Howl’s Moving Castle is a fantasy novel written by Diana Wynne Jones. The story is about a young girl who lives in a world where magic, which is a very real aspect of life, can be taught, learned, possessed and used to one’s advantage and the good or ill will of others. Sophie crosses paths with the evil and powerful Witch of the Waste and is cursed so that she suddenly progresses to the age of 90. She then runs away from her town and ends up living in the magical moving castle that belongs to Howl, another magician who is less feared but just as powerful as the Witch of the Waste.
In the story, we find that even witches and magicians are human with human faults and human desires. Their ability to practice magic does not necessarily set them apart from others but it merely helps to make up who they are, similar to an accent or a personality trait. The story is about how Sophie tries to break her own curse while attempting to help and interact with the others around her, magical or otherwise.
The novel was written in 1986 and was so successful that two sequels followed it: Castle in the Air and House of Many Ways. The works of Jones have often been compared to the Harry Potter book because of similar themes, and due to the success of the Harry Potter books many of Jones’ books have experienced a resurgence in popularity. Howl’s Moving Castle was made into a movie in 2004 by Hayao Miyazaki and produced by his company Studio Gibli Films. The movie was nominated for best-animated film for that year.

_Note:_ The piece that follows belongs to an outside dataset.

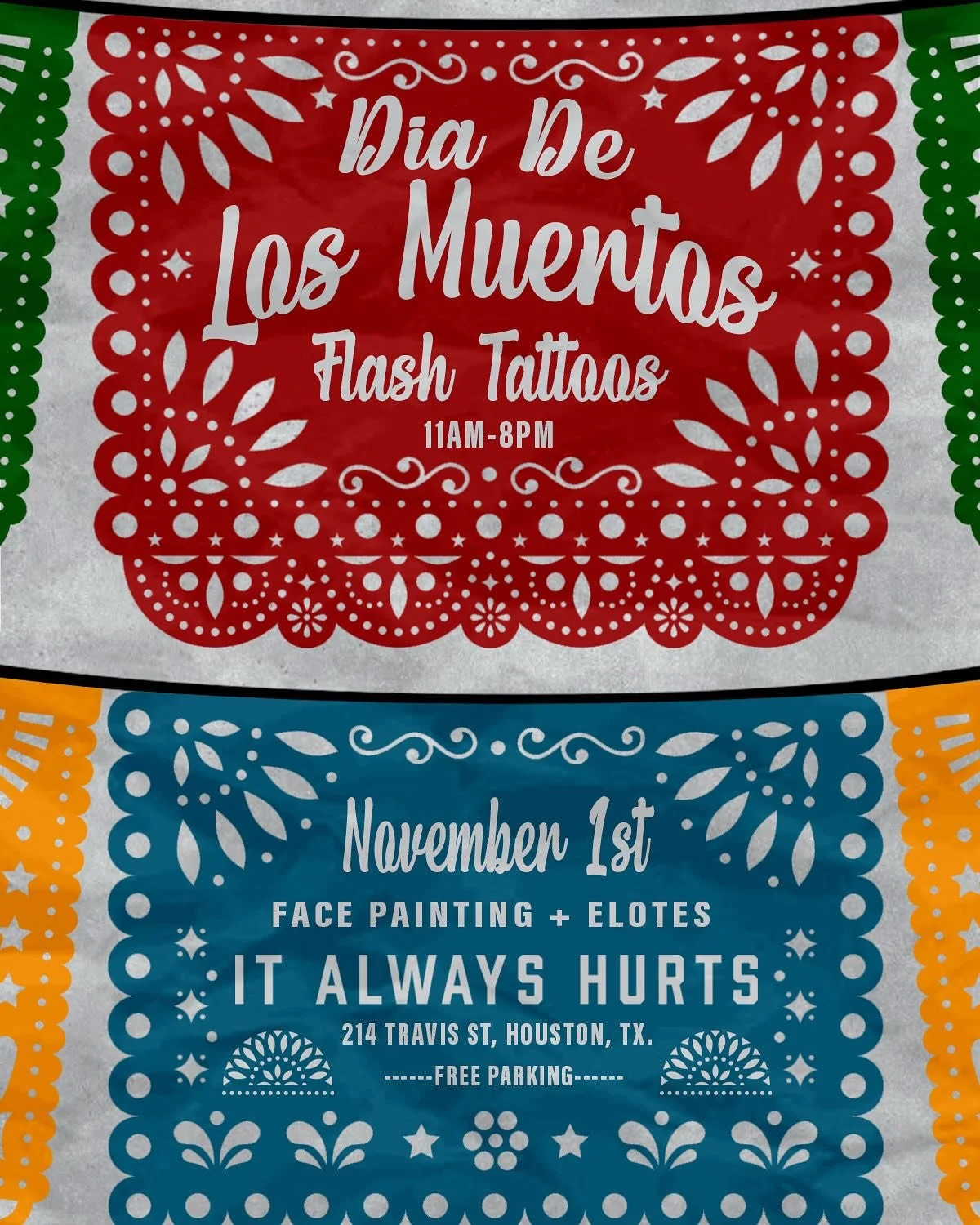 HEY #HOUSTON &mdash; We have exciting news. 

This year, Downtown Houston is celebrating D&iacute;a de los Muertos! Festivities stretch across four days throughout Downtown with parades, music, art, film, and family fun. 

It Always Hurts is happy to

As a fan of anime and Japanese culture, my husband got me interested in the Miyazaki films, which I was skeptical about but quickly became a fan of as well. The first Miyazaki film I saw was Spirited Away (2001) and soon after that Chris showed me other great Miyazaki films such as Princess Mononoke, Castle in the Sky, Kiki’s Delivery Service, and Howl’s Moving Castle. Since Howl’s Moving Castle, I have seen Miyazaki’s movies Ponyo, The Secret World of Arriety and am dying to see his newest film and supposedly his last, The Wind Rises. I enjoy his film because they are unique in that the animation is distinct from the usual Disney movie, the stories are child appropriate but are certainly geared towards adults, and the voice acting (especially on his later works) has been phenomenal.

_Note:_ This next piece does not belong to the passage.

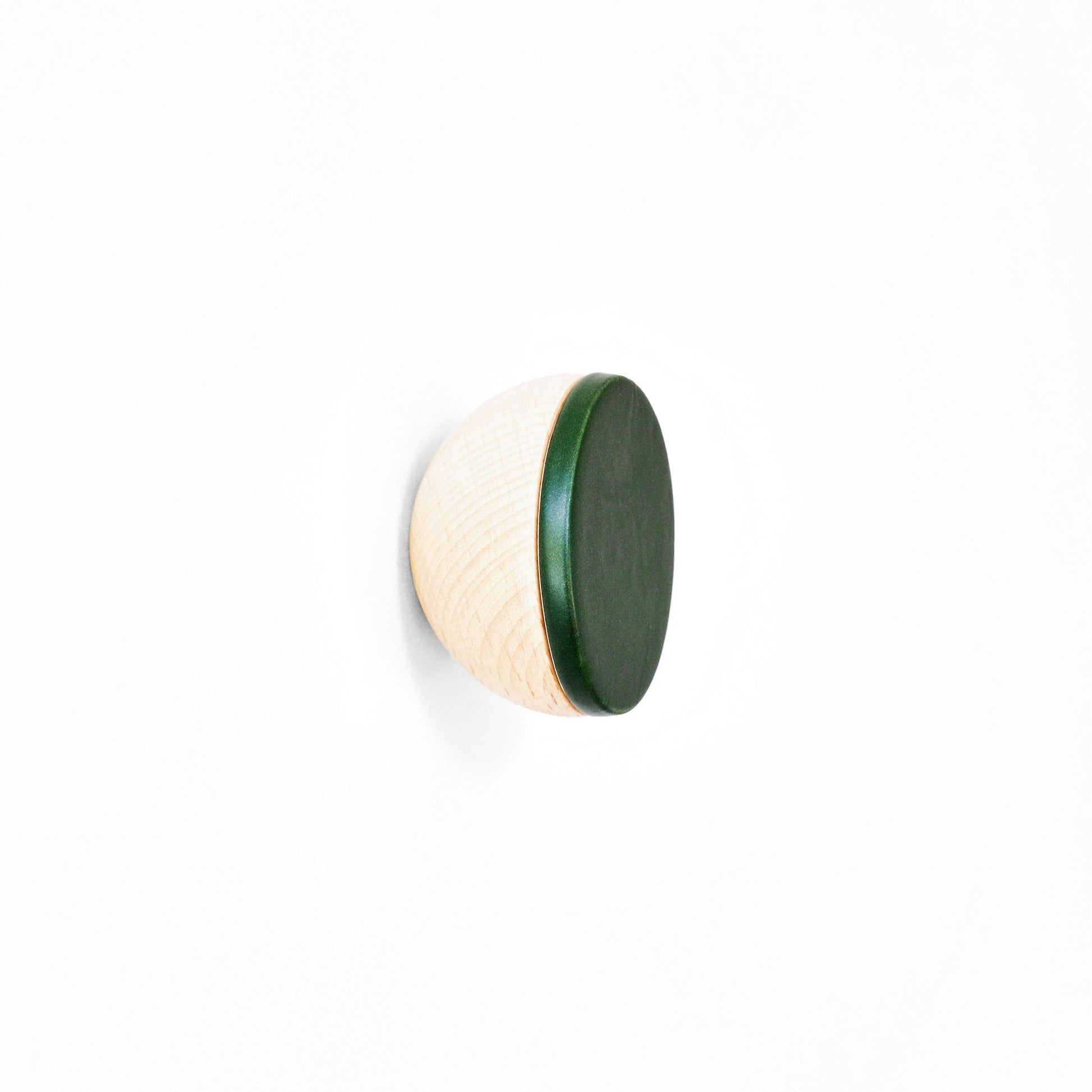 Round Beech Wood & Ceramic Wall Mounted Coat Hook / Knob - Dark Green-0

Howl’s Moving Castle has Christian Bale performing the character of Howl. If you have read my other reviews (The Prestige and Little Women), then you know that I am a pretty big fan of Bale. Also, Howl’s Moving Castle has Emily Mortimer (The Newsroom) as Young Sophie, Lauren Bacall as the Witch of the Waste, Billy Crystal as the lovable fire demon, Josh Hucherson (The Hunger Games) as Michael, Blythe Danner as Suliman and Jena Malone (The Hunger Games) as Sophie’s sister. Aside from the beautiful and intriguing animation that Miyazaki provides, there is a wonderful cast that brings the story to life.
The novel is in the same thread as the movie (or vice versa) but the story does vary to fit some of Miyazaki’s familiar themes. Jones’ make-up of the characters is, for the most part, honored in the film adaptation. It is simply that the movie’s characters end up getting involved in different activities than in the book. I enjoyed both the book and the movie for some of the same reasons and for different reasons as well.

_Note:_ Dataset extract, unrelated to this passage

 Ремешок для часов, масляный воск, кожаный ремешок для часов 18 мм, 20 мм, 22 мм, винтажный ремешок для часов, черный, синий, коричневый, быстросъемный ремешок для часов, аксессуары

The novel gave Howl more of a backstory, which added to his humanity and made him relatable in spite of his abilities. The movie was written so that there was a war going on which gave the filmmaker the means to make a comment on whether or not war was right or wrong (supposedly Miyazaki was inspired to write about this in light of the war in Iraq). If you have experienced and enjoyed the movie, like myself, then you would like the book as well and vice versa.
I would recommend this book to any Miyazaki fans and to any fans of fantasy novels. I listened to this book, which I enjoyed as the book was not terribly long and the narrator did a great job distinguishing the characters. Although different from many of the young adult novels that have been published recently, I can see this book appealing to a younger audience as well.